* Activity:
All the lines below need to be output exactly, apart from any images.

* Source material:

*-*-*

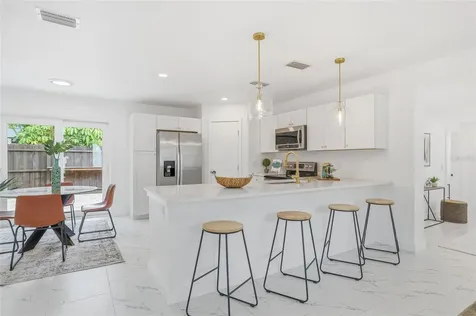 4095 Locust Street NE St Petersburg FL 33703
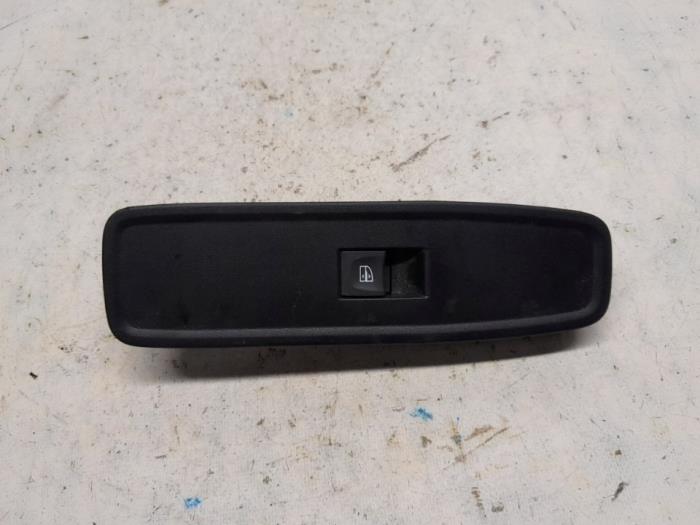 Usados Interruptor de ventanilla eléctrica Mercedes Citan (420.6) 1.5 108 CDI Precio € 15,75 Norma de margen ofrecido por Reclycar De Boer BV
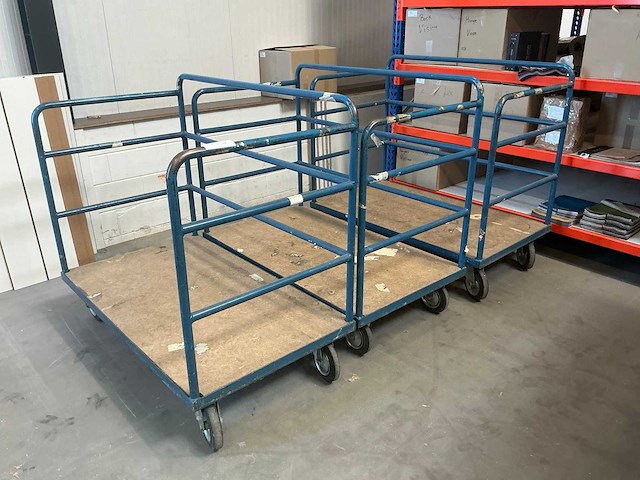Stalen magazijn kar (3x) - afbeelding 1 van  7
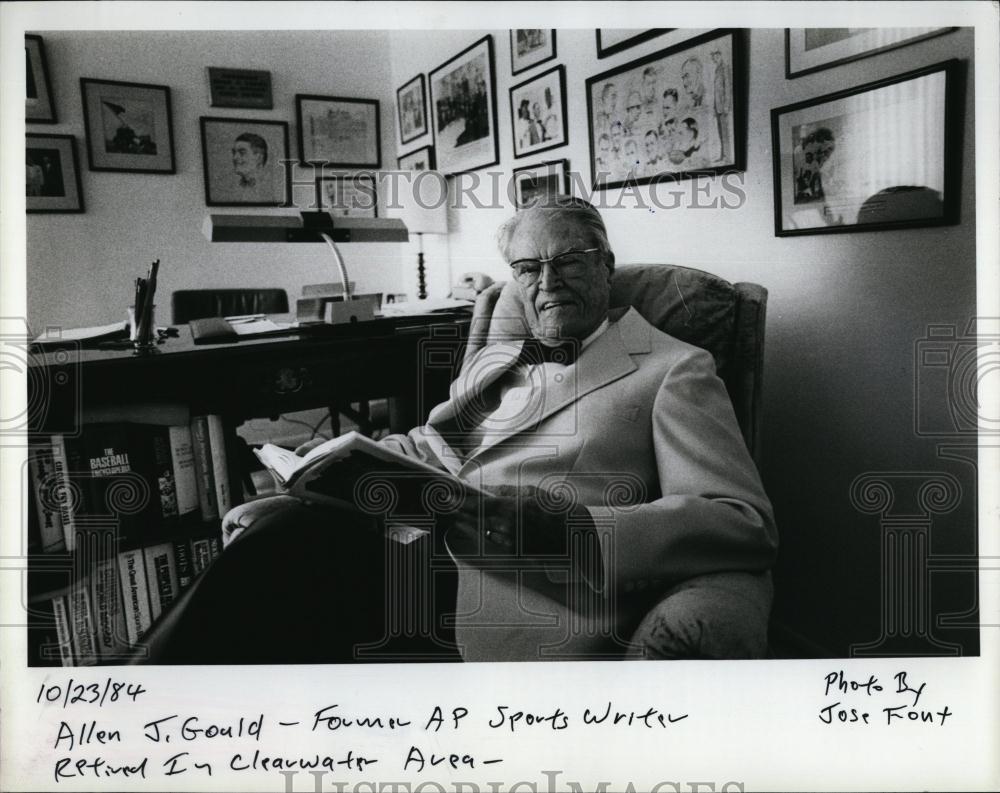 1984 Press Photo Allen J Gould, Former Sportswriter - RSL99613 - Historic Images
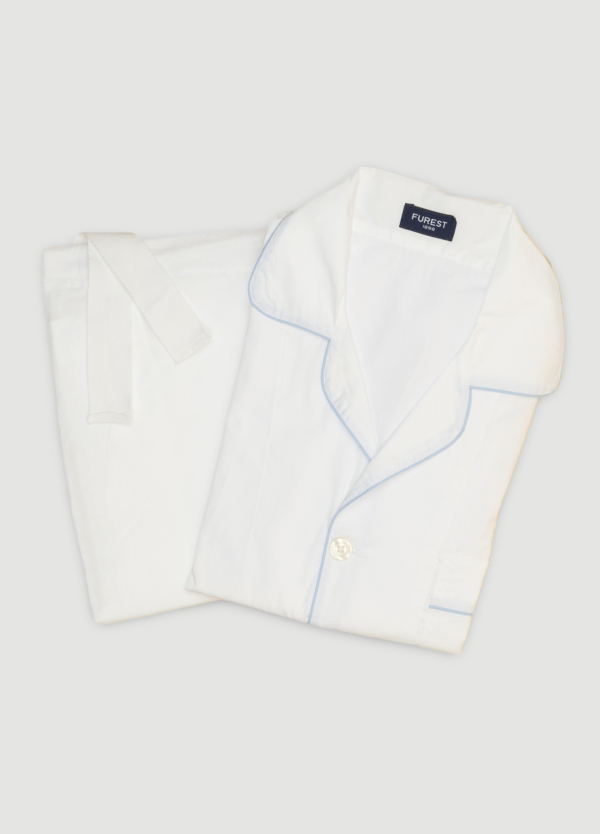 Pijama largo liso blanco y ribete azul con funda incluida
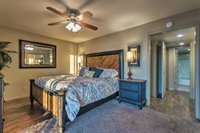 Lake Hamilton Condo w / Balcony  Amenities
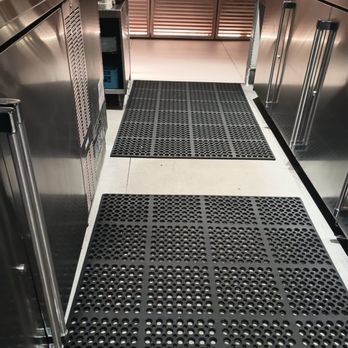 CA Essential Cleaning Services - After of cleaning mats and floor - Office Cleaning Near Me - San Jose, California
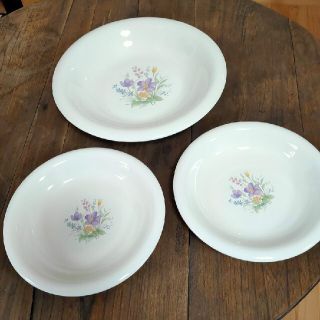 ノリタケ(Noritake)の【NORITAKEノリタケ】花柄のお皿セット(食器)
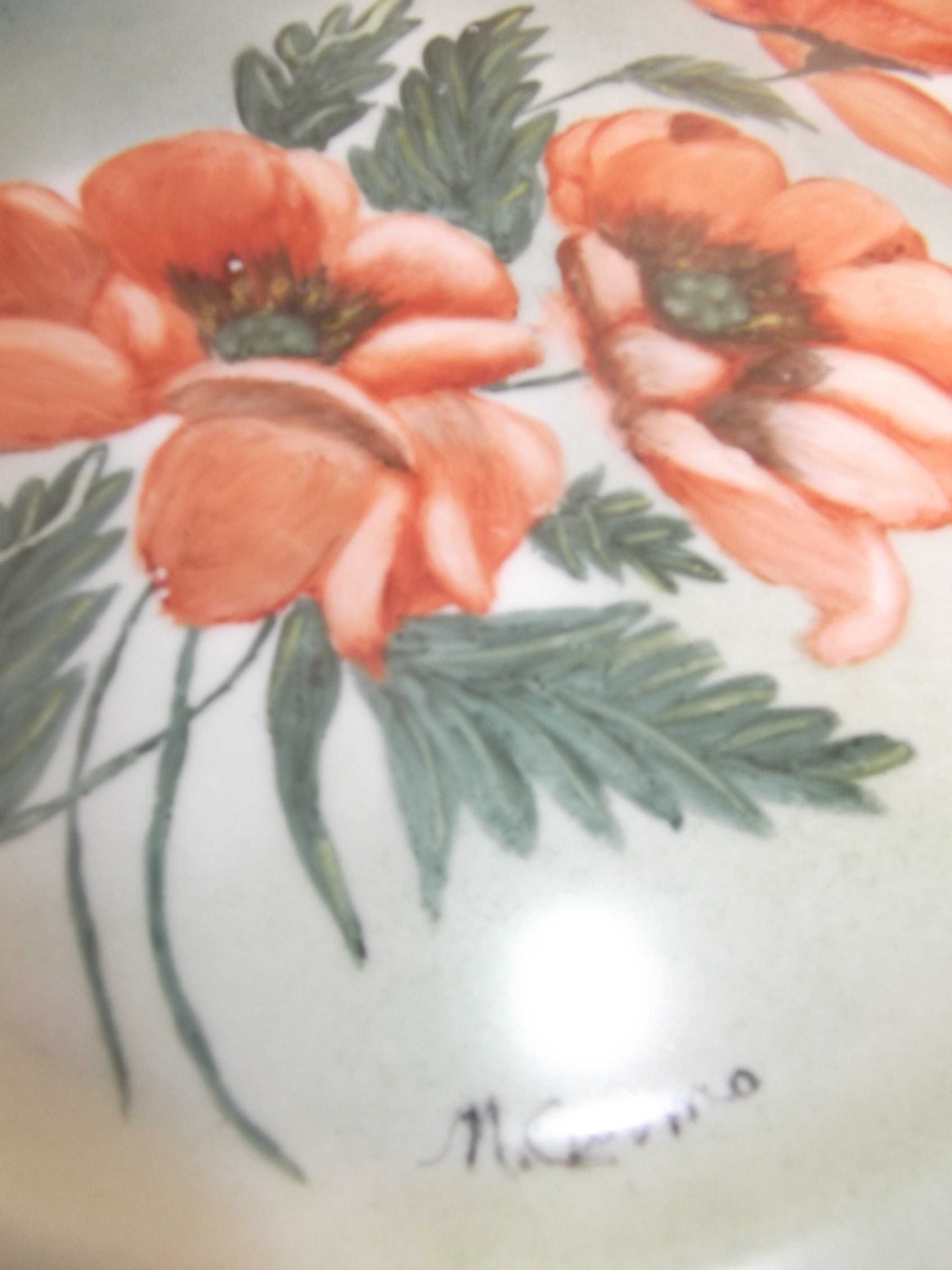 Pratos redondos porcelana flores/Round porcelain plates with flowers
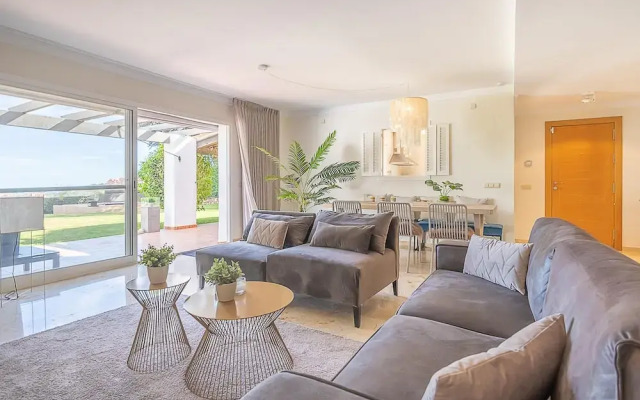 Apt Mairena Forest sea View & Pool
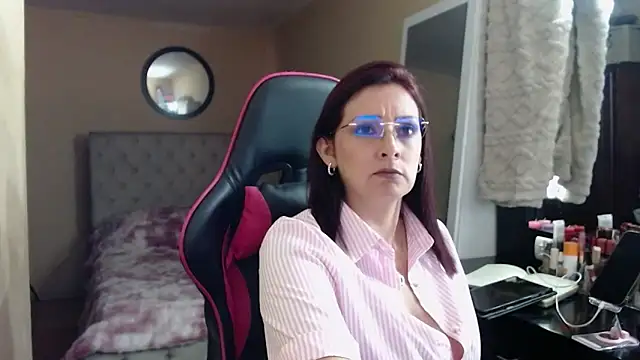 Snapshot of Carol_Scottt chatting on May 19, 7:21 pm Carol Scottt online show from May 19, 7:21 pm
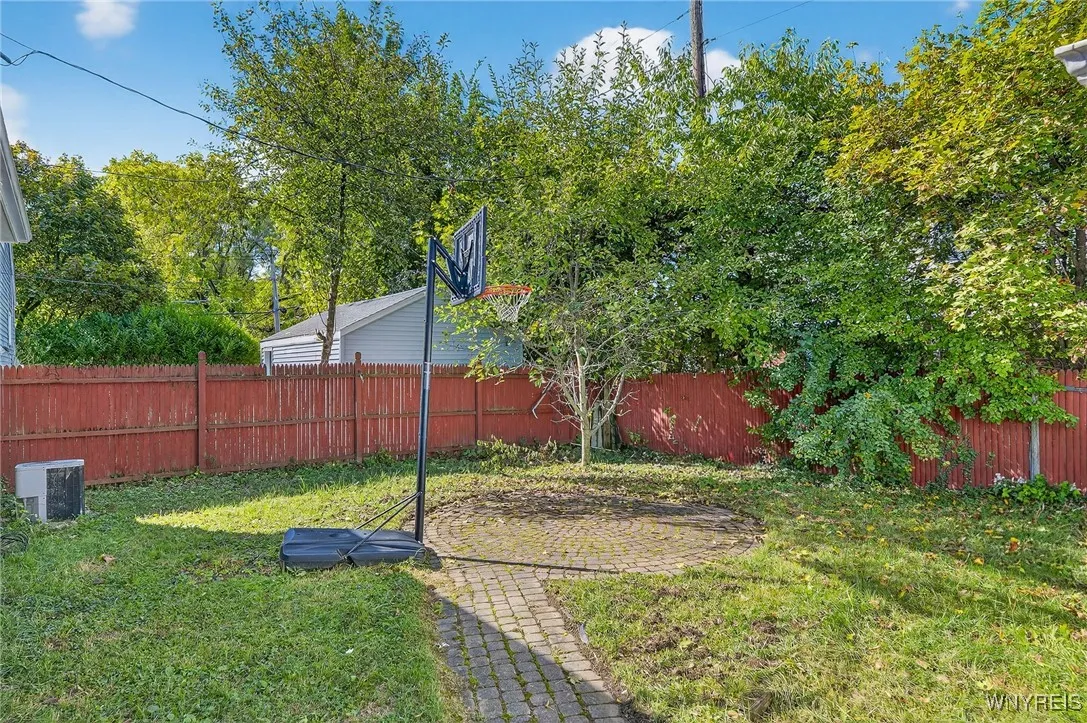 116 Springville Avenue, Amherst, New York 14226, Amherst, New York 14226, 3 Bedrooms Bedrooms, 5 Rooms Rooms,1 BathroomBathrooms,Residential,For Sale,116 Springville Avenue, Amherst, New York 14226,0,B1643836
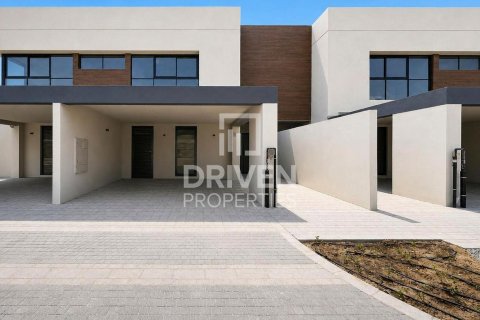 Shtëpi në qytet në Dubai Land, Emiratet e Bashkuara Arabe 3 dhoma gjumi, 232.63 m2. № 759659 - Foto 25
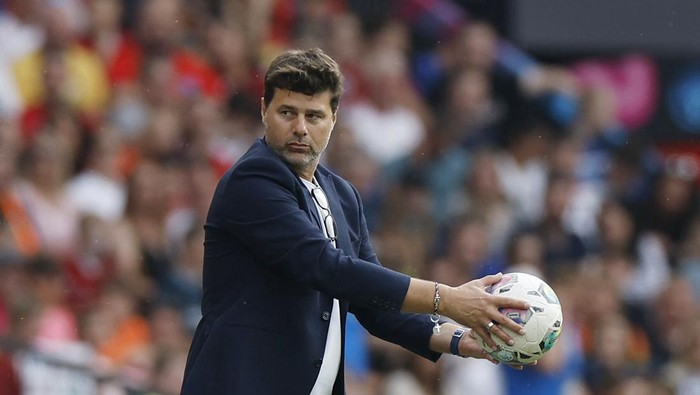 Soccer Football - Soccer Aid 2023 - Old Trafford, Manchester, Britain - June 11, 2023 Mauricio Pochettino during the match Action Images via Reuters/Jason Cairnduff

*-*-*

* Answer section:
 4095 Locust Street NE St Petersburg FL 33703
 Usados Interruptor de ventanilla eléctrica Mercedes Citan (420.6) 1.5 108 CDI Precio € 15,75 Norma de margen ofrecido por Reclycar De Boer BV
Stalen magazijn kar (3x) - afbeelding 1 van  7
 1984 Press Photo Allen J Gould, Former Sportswriter - RSL99613 - Historic Images
 Pijama largo liso blanco y ribete azul con funda incluida
 Lake Hamilton Condo w / Balcony  Amenities
 CA Essential Cleaning Services - After of cleaning mats and floor - Office Cleaning Near Me - San Jose, California
 ノリタケ(Noritake)の【NORITAKEノリタケ】花柄のお皿セット(食器)
 Pratos redondos porcelana flores/Round porcelain plates with flowers
 Apt Mairena Forest sea View & Pool
 Snapshot of Carol_Scottt chatting on May 19, 7:21 pm Carol Scottt online show from May 19, 7:21 pm
 116 Springville Avenue, Amherst, New York 14226, Amherst, New York 14226, 3 Bedrooms Bedrooms, 5 Rooms Rooms,1 BathroomBathrooms,Residential,For Sale,116 Springville Avenue, Amherst, New York 14226,0,B1643836
 Shtëpi në qytet në Dubai Land, Emiratet e Bashkuara Arabe 3 dhoma gjumi, 232.63 m2. № 759659 - Foto 25
 Soccer Football - Soccer Aid 2023 - Old Trafford, Manchester, Britain - June 11, 2023 Mauricio Pochettino during the match Action Images via Reuters/Jason Cairnduff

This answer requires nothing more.